Yesterday I did not do much. I threw one more of the tall bottle because I broke one and I like making more than the exact quantity because there can be cracking and glaze faults. Its my baker's dozen - a potter's dozen. It is the piece I make in two parts so I made the bottom and then the top and have them rest to firm up. The kiln temperature was still high and I had a few more hours to unload. I worked on my laptop and it was already past 2pm. I was tired. The thrown pieces are still too wet to assemble. The kiln is still cooling down and the recycled clay on the wedging table is also still wet. I decided to take a few hour break and headed home for lunch and a rest. I fell asleep with a book in my hand and woke up after over an hour. I kept the computer at the studio to have another reason to go back. I did not particularly feel refreshed after the nap but back at the studio I assembled the two parts, unload the kiln, load another bisque firing, wedged up the clay, cleaned up and left.

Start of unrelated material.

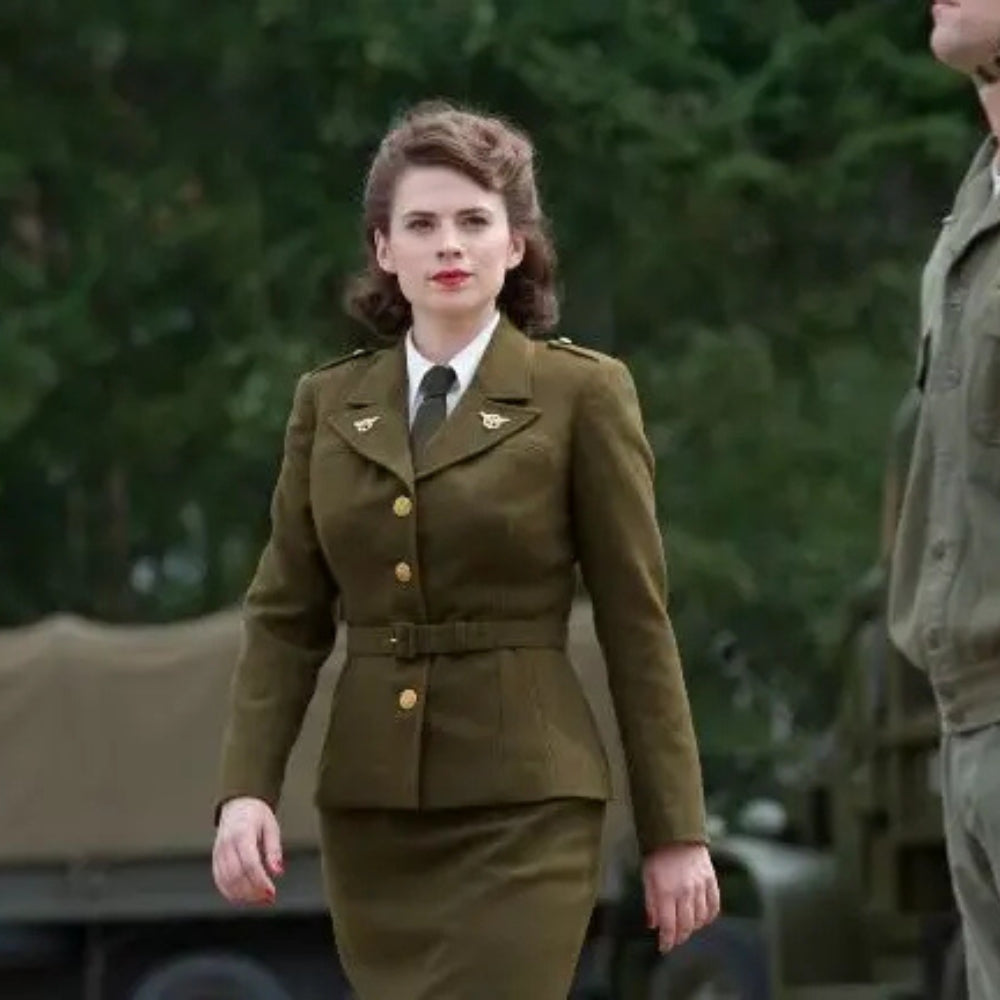 Avengers Endgame Peggy Carter Olive Service Coat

I prefer not to have tight deadlines. I started working on this project last year while I was working 3 days a week in the city. When I made the commitment I knew it was going to be tight and asked for an extension which got me an additional week. Still, I thought being able to work full time in my studio would dramatically help me with the time line. Sure it does but not so much like I hoped. What can I do differently? Get a help I think. it's better to start getting a help when I am not pressed with time. I can also think that this is natural that I feel pressured because it is a challenging work for me. I would probeably not be satisfied if I was working on things I have already known how and feel that I should be doing more, something new and something more than I would feel comfortable with. Otherwise where is my challenge and where am I going from here?